Porque persistimos, agarrados às abas do casaco dos Estados Unidos em não votar no seu Conselho de Segu­rança a admissão da China Continental na O. N. U., embora quando das consultas guardemos passivamente a absten­ção? Devemos-lhe até a fidalga generosidade de respeitar em Macau os seus convénios seculares.
A China Continental, porque a da Formosa é um arti­fício construído e mantido pela esquadra americana tem sabido respeitar a integridade de Macau não obstante reconhecermos exclusivamente, pela via diplomática, com o seu representante acreditado em Lisboa, esse ilogismo geográfico de uma ilha governada por um fantoche de que a própria América um dia zombou.

Que diria o nosso Governo se amanhã se instaurasse na Ilha da Madeira um regime autónomo que a América reconhecesse e que não consentisse que fosse dominado pelas forças legítimas do nosso Continente?

Quando da usurpação violenta e cruel do nosso Estado da índia, que só por si desmentiu toda a sagacidade e todo o sentido realista ao nosso Governo, além de denunciar a falsidade dos postulados pacifistas de Neru, a China Con­tinental esteve a nosso lado, platonicamente, é certo, como todas as restantes nações, mas enfim com uma simpatia e uma solidariedade moral que, no fim de contas, nós não lhe merecíamos.

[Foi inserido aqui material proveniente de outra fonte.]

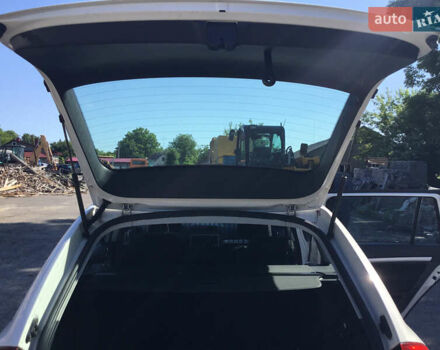 Білий Шкода Октавія, об'ємом двигуна 1.6 л та пробігом 282 тис. км за 7200 $, фото 13 на Automoto.ua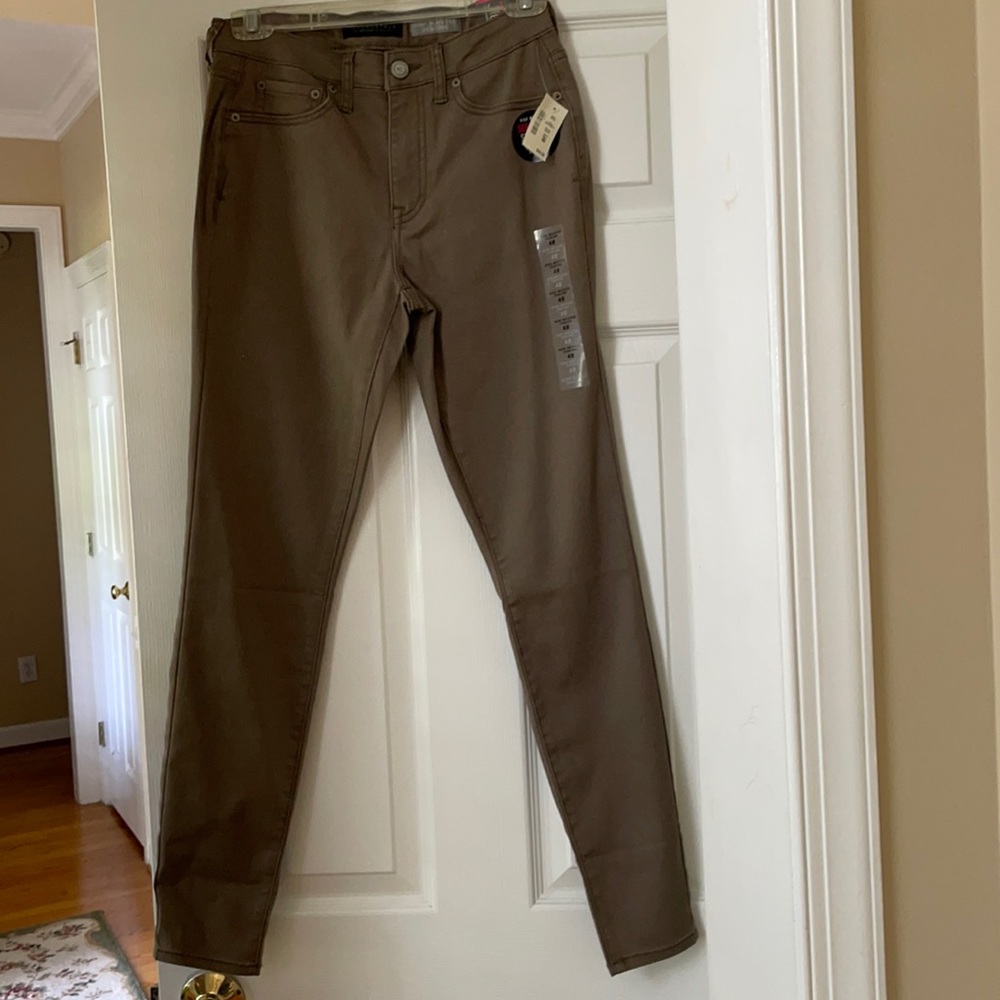 Aeropostale Womans brown jeans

A política externa do país tem oscilado entre humi­lhações e ridículas manifestações de importância, de exte­riorização fútil e de fausto, como se fôssemos um país ainda perfumado pelo cravo e pela canela das Índias.
Quantos pequenos consulados se têm elevado a embai­xadas com o consequente dispêndio de verbas absoluta­mente inúteis! Embora os espaços internacionais de comu­nhão se hajam dilatado e as normas correntes da diplo­macia se tenham na verdade intensificado, pela incessante multiplicidade dos interesses e das comunicações, não há dúvida que temos exagerado na elevação de embaixadas em países que não as justificam de modo algum! Sempre a mania das grandezas, aquela mesma mania, que há anos nos fez recusar as verbas tão úteis para a nossa economia do Plano Marshall.

A República encontrou e manteve em altíssimo nível, com vultos intelectuais eminentes, as embaixadas mais representativas das nossas constantes geográficas e his­tóricas, pois são essas que determinam fundamentalmente, em toda a parte a definição do rumo de uma política externa. No nosso caso, essas constantes, a que importa imprimir o mais transcendente relevo, são as ligações com a Espanha, com a Inglaterra, com o Brasil e com a Amé­rica do Norte. Não pode concluir-se que, com essas potên­cias, as nossas relações nem sempre tenham sido claras, construtivas e íntimas nos últimos decénios.

Vale mais ter uma dúzia de apoios e de amigos sóli­dos e permanentes do que numerosas e dispersas relações com países subalternos e distantes, cujos agentes servem apenas para encher de esplendor mundano os jantares e as recepções de gala... um fingimento burlesco de grande audiência internacional.

É certo que se perdeu, dolorosamente, a fulgurante tradição, que vinha aliás da monarquia, da nossa vida diplomática, servida hoje por burocratas, por bacharéis, por funcionários de concurso, sem projecção nacional, con­finados aos seus deveres estritamente formais. Já não há um Teixeira Gomes, um João Chagas, um Duarte Leite, um Norton de Matos, um Alberto de Oliveira, um António Feijó, um António Luís Gomes, um Guerra Junqueiro, homens de superior estatura que tornavam maior e mais acatado o pais que representavam.

Encerrou-se a escola da diplomacia portuguesa e tudo passou a ser mercenário, funcional, subserviente.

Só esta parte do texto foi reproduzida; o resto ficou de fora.